# Seat belts



## Allie512 (Sep 28, 2010)

Hi 
I drive a Prius and I also have a 100 pound German Shepherd. She loves to go for rides however Allie needs to have a seat belt. Petco has a Kurgo line and I wanted to know if anyone has experiences with different types of seat belts. We have been putting off getting a seat belt but I am afraid, as we drive around town - albeit short drives, that she could be injured or interfere with my driving. Buying a larger car is not an option for monetary reasons.

Thank you.


----------



## MaggieRoseLee (Aug 17, 2001)

Dog seat belts are NOT all alike. Some are harder to put on, some don't allow the dogs to move, and some aren't strong enough to help in an accident.

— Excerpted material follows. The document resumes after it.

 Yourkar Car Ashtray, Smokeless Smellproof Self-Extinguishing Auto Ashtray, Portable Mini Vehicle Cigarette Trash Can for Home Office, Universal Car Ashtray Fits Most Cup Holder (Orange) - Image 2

This site explains safety features to look for: Dog Seatbelts


Here's some systems:
Seatbelt Information

USA K9 Outfitters

Pet Safety Belts | The Dog Seat Belt & Walking Harness

Ruff Rider | Dog Seatbelts | Car Safety Harnesses and Pet Safety


----------



## DCluver33 (May 27, 2010)

I use and love the champion seatbelts from USAK9outfitters. it's easy to put on and strap to the seatbelt, my dogs can sit, stand, turn around, and lay down without getting tangled in the seatbelt. I agree with MRL not all seatbelts are the same, I had crappy ones from Petsmart,before I found the ones I use now, and I don't think they would hold in a car accident.


----------



## Allie512 (Sep 28, 2010)

Thank you. will check out this information.


----------



## Chicagocanine (Aug 7, 2008)

I also use the Champion seatbelts. I've been using them for years now, before that I tried multiple types but I liked this one the best.

One thing to keep in mind is that many "car restraints" are not strong enough to hold up in an accident or sudden stop. Often if you read the fine print they will even have something on the label such as "for normal auto use only". There are only a few out there that are actually strength rated and/or safety tested. The ones I know of that are rated/tested are: Ruff Rider Roadie, Champion, PetBuckle and Snoozr.


----------